Being a literate roleplayer, I prefer groups that demand an RP sample. With those types of groups, I can feel assured that who I am roleplaying with have passed the set standards that have become common sense across the roleplaying community. If you must have a one or two sentence post due to a lack of inspiration, it's fine as long as you give some indication that you couldn't come up with anything more.
But what really gets me ticking are the illiterate roleplays that claim to be literate. I saw someone who never closed their dialog, and it really annoyed me. Here's an example of what their post might have been:
The male wolf laughed at the pup's actions. "Hey, get off my tail! He ordered, using his paw to push the pup away.

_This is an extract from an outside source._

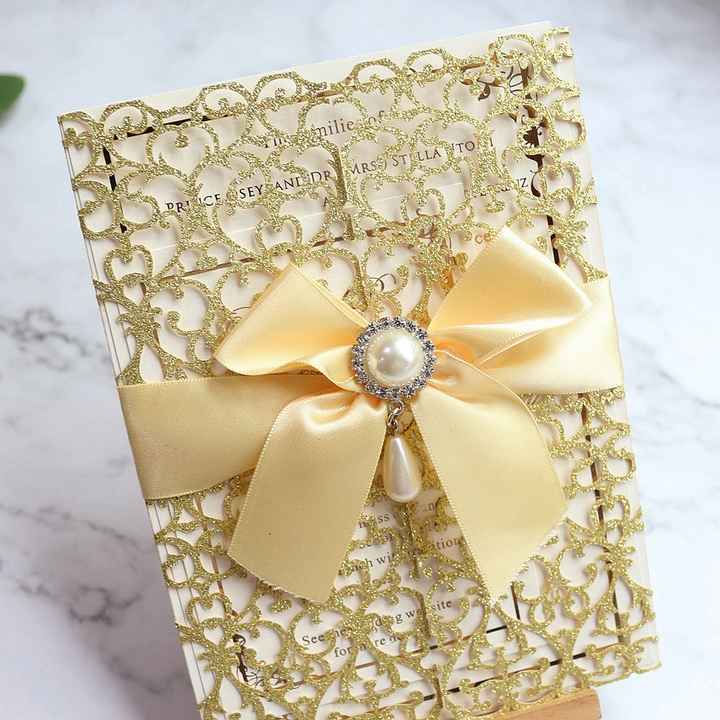 "Invitaciones en Tonos Dorados" - 2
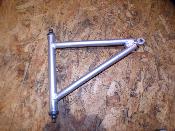 triangle avant gauche inférieur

That really annoys me. Not to mention wolf-speakers. They make my brain bleed with their incorrectly-used anatomy and fancy words that just plain don't make sense in the context their being used. Some of the words are used correctly, but they are not commonly used in works of literature, like, hmm, novels. I see roleplaying as a collaboration to tell a story, bring different ideas to other people. Roleplayers at their very bases are writers, and seeing people write the way wolf-speakers roleplay would mean that book never got past publication. An example of a group that I've found accepts wolf-speaking is Le Mauvais. They're history page on their site uses wolf-speak. I was going to offer to join, but this entirely put me off. Here's what their history page reads as:
Fire ravaged the hills behind a silhouette of shapes; three canines panted restlessly behind a ebony pigmented damsel, saliva slithering downwards from their labrums in exhaustion. The leading mademoiselle whipped her cranium around to face the visage of the three weary wolves, "straighten up, dogs! We can't let them track us more than they already have! Follow me, and shut it!" A harsh snap of the females jaws rang between the smokey trunks between them, before dragging her articulate along the crimson liquid plastered along her mandible. Reeking of shared DNA. Hours later, after countless pounding of paws. the group behind the female collapsed to the Earth upon a new land, a cloud of dust flanking out around them. The singular standing wolf, rather lithe in size, but prominent spoke up.
"All of you, we will claim this land as our own, and slaughter anyone who thinks differently! I will place everyone in their own rank, and you will follow me, as I am your leader! Protect what's ours, and we will thrive from this day on!"
It tells something, but it's very confusing what is happening. I don't even know what's going on. I have the general idea that a forest is on fire, and three canine something's are walking away from it. From the anatomy used, I'd think they were alien mutations with ant mandibles instead of a proper jaw with teeth. Here's Wikipedia's definition of a "labrum":
The glenoid labrum (glenoid ligament) is a fibrocartilaginous rim attached around the margin of the glenoid cavity in the shoulder blade.
So, now these aliens have mandibles on their shoulders? Not to mention "cranium" means the bones that make up the skull. So they no longer have skin or fur on their heads, and mandibles. "Mademoiselle"? Really? Now they're effing French?
I could nitpick this post and show it for the illiteracy jumble of incorrectly-used words that it is, but I'm sure you get the point. Nothing gets me more fired up than wolf-speakers, for they are not a crowd that I would enjoy roleplaying with.
Back to the original question. I personally prefer fantasy to semi-fantasy/semi-real roleplays, as it gives us more freedom as roleplayers to give our characters personalities. If a roleplay were truely "real", there'd be no such thing as hostages or these silly things that we make up, as animals have no entertained thought-- they have instincts, meaning they just do. In that context, all roleplays are semi-real. But, to each their own.